Given that these appointments are costly and most places with good reputation are booked months, if not years in advance, I’ve opted not to get multiple opinions on these issues (yet.) I’m trusting this well-reviewed establishment will do the right things in order to increase my chances of getting pregnant, instead of wasting time shopping around.

During the ultrasound, the doctor said the good news is that I have a lot of follicles — the not-so-good news is that they aren’t maturing. Every month, one follicle from either right or left ovary is supposed to get bigger and eventually be released. If it isn’t fertilized, then you get a period. But, it’s also possible to get a period without ovulating at all, as the body can do weird things due to hormones and such.

The other thing I learned this year – opposed to what was taught in high school sex ed – there are actually only a few days per month a woman can get pregnant. The reality is that you can’t know what days those are exactly and cycles can get off, so you may be ovulating early or late, and since you can’t know then you could get pregnant at any time of your cycle. But – chances are you’re going to ovulate somewhere in the middle of the cycle, around day 14-18 if you’re ovulating regularly each month. This makes it easy to time intercourse with a reasonably high chance of getting pregnant if you do this for a few months in a row. However, with PCOS and irregular periods, you have no idea when you’re ovulating – so unless you have sex every day for a year and you happen to ovulate occasionally, your odds of getting pregnant are very low.
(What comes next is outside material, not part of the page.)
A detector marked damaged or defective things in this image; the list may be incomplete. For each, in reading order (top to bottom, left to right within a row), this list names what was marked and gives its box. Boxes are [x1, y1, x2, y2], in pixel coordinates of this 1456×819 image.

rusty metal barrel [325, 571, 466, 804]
I’m not going to get pregnant “naturally,” so the doctor decided to start me on Femera (Letrozole), which is a drug that was originally intended to treat breast cancer, but is now used to help women ovulate. The better-known infertility drug is Clomid, which is another option should this not work, but he prefers to start with Femera because there are less side effects and less chance of multiples (I wouldn’t mind twins, esp given my age and goal to have at least two kids, but any more than that and I don’t know what we’d do.)
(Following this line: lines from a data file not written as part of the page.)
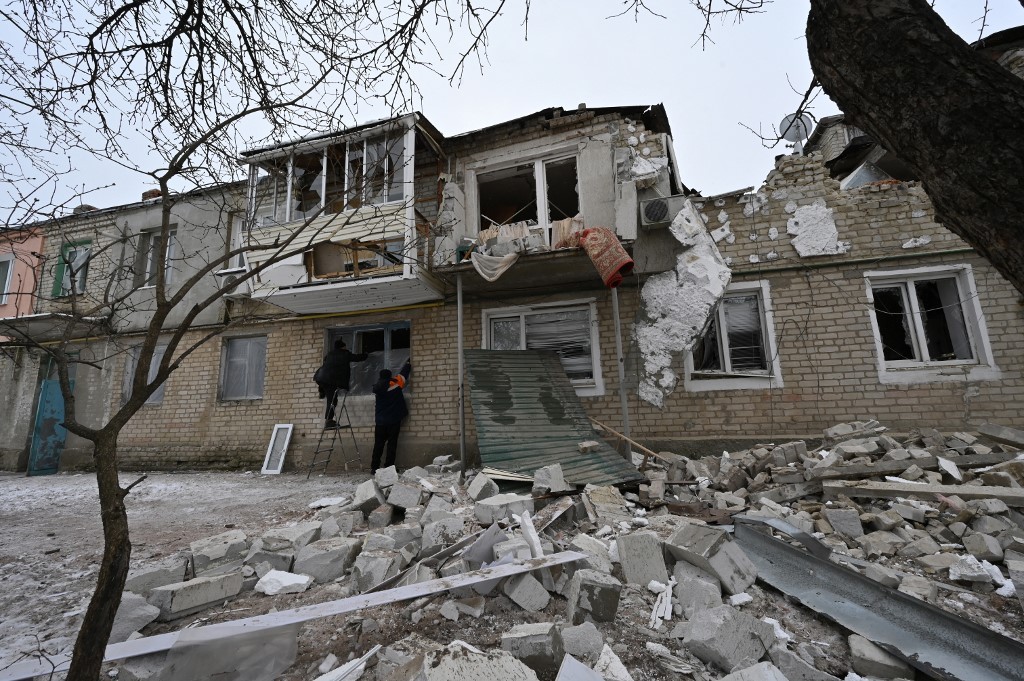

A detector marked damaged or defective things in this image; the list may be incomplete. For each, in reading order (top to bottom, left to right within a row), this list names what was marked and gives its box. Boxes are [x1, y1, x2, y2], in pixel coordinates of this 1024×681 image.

broken window [246, 127, 410, 223]
broken window [478, 155, 580, 246]
broken window [218, 334, 266, 398]
broken window [326, 322, 410, 396]
broken window [486, 300, 604, 390]
broken window [692, 292, 764, 374]
broken window [872, 276, 976, 364]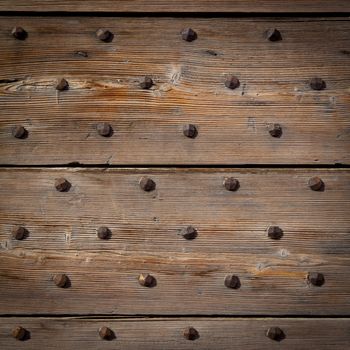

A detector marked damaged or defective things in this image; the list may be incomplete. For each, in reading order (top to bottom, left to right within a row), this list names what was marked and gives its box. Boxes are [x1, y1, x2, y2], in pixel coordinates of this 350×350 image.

rusty metal stud [11, 123, 27, 139]
rusty nail [54, 176, 71, 193]
rusty metal stud [139, 176, 156, 193]
rusty nail [139, 176, 156, 193]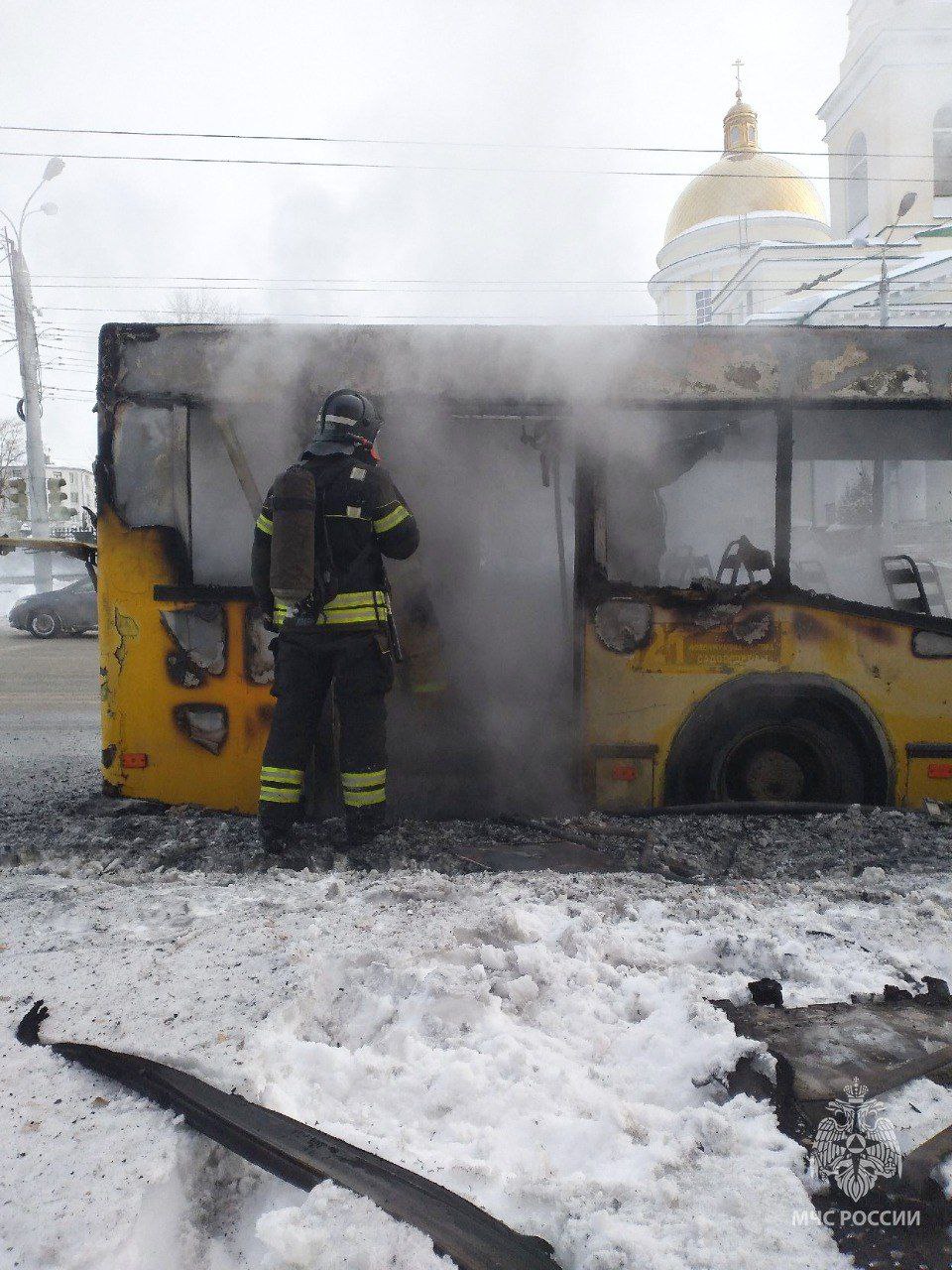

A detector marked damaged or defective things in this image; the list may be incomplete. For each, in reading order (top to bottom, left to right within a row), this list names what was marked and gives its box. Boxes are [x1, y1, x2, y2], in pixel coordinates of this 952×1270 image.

burned panel [162, 603, 227, 683]
burned bus [94, 325, 952, 814]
Although I’ve read online that most women are told to take Femera on CD (cycle day) 5-9 or 3-7, my doctor told me to take it on CD 1-5. I go in for an ultrasound on CD 9, and he will see if any of my follicles have matured. He mentioned that one of my problems (if not the only problem in this case) is that the “signal” from my brain to my ovaries is not sending straight, so the medicine can make that signal a lot stronger and make me ovulate. If the ultrasound shows that I am indeed en route to ovulation, then this is a very good sign. Even if it does work, there’s only a 20% (1-in-5) chance that we’ll get pregnant in any give cycle and the added challenge that women with PCOS are more likely to miscarry. Overall, I’m trying not to get my hopes up — not until I deliver a healthy child.
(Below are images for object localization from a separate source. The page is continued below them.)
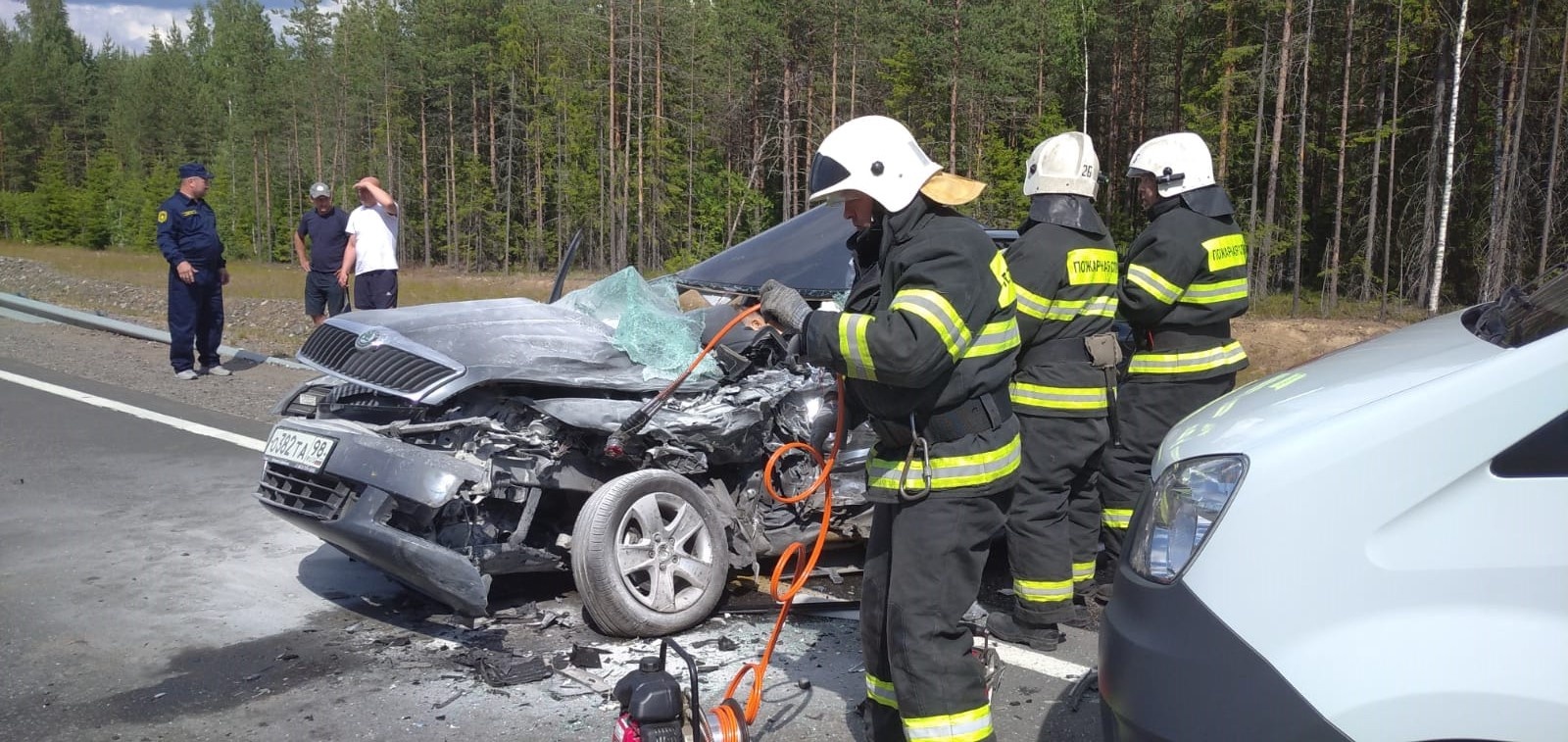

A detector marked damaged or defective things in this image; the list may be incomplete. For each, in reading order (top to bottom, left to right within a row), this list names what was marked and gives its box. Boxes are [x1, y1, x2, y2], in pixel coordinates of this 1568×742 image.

crumpled hood [333, 298, 721, 396]
severely crashed car [257, 209, 1019, 635]
crumpled hood [1160, 312, 1497, 463]
shattered windshield [1474, 265, 1568, 349]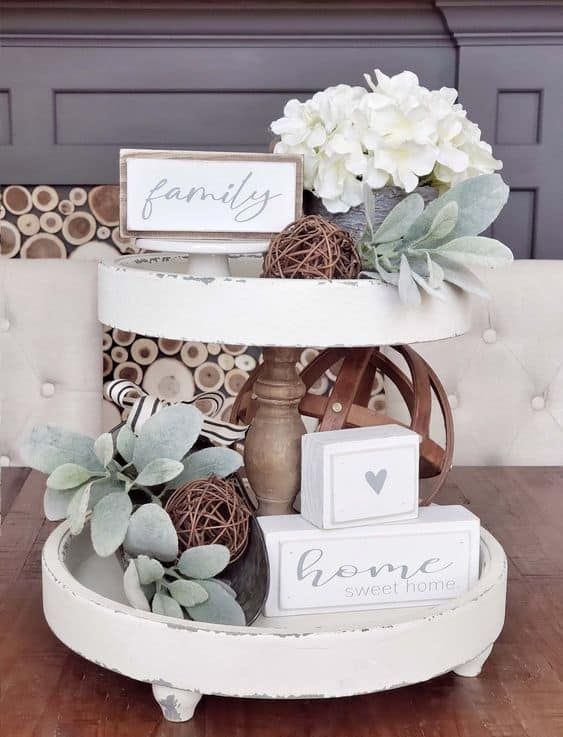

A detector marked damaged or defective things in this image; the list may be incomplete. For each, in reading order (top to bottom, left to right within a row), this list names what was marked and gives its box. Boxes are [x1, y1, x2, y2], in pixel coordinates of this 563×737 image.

chipped white paint edge [98, 253, 472, 348]
chipped white paint edge [41, 520, 508, 720]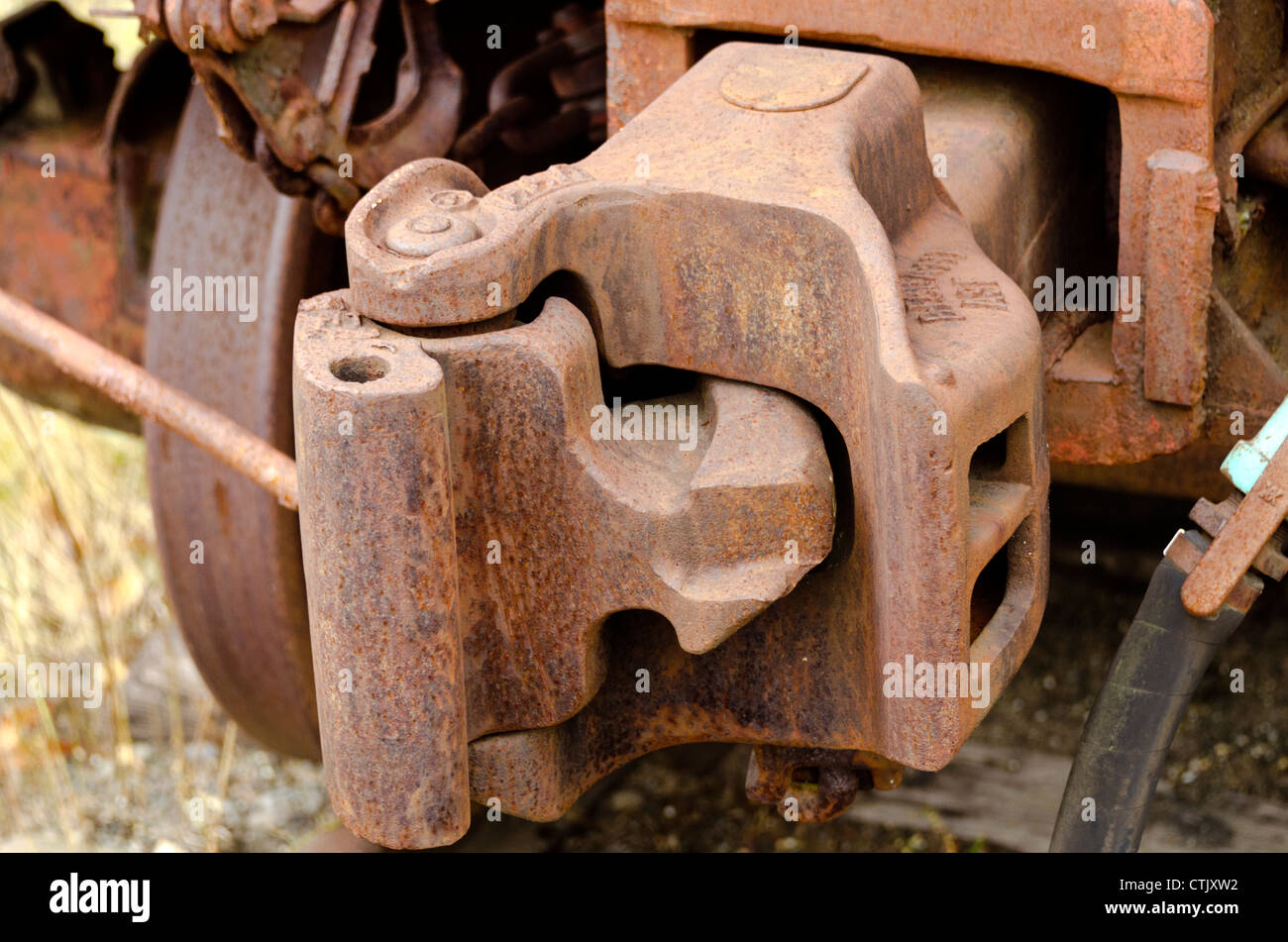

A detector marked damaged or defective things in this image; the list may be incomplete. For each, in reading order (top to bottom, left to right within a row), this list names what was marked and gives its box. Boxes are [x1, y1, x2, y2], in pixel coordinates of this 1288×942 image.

rusty brake caliper [291, 42, 1046, 848]
heavy rust patina [295, 41, 1046, 844]
oxidized iron surface [295, 42, 1046, 848]
corroded metal bracket [295, 42, 1046, 848]
oxidized iron surface [602, 0, 1284, 497]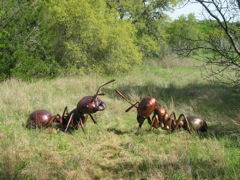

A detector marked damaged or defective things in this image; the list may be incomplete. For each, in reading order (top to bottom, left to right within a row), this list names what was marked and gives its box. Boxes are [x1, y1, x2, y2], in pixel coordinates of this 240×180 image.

rusty ant statue [26, 109, 62, 129]
rusty ant statue [62, 79, 115, 132]
rusty ant statue [116, 89, 158, 127]
rusty ant statue [151, 106, 207, 133]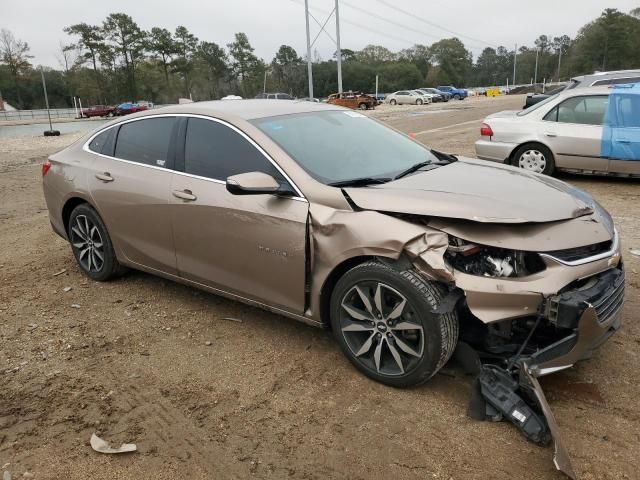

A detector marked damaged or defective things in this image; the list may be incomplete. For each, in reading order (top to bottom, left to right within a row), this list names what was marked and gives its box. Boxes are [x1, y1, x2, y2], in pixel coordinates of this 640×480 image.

I don’t exactly feel ready to be a mother, but if not now than it will never happen. I’ll be 34 in November, and I’d like to have my first child before 35 if possible, with my second before I turn 37 or 38 at the latest – which already makes me an older parent. Side note, it’s incredibly strange now being a (potential) older mom, when I don’t feel so old at all. There really needs to be an extra decade of life between one’s 20s and 30s. I’m avoiding thinking about the fact that in 6.5 years I’ll be 40. Life goes too fast, hence the name of this blog… I’ve always loved the saying “life is what happens when making other plans.” Thus, this blog today is about planning for having a kid, but it may end up being about not being able to have a child – or, it may be about having children and striving to be the best mother I can be. For now, I’ll document my infertility journey and share any learnings along the way. Hopefully, in the next 24 months, there will a picture of my  beautiful son or daughter that I can share, along with a huge smile on my face. I genuinely look forward to meeting my future child. I hope I will be able to, one day.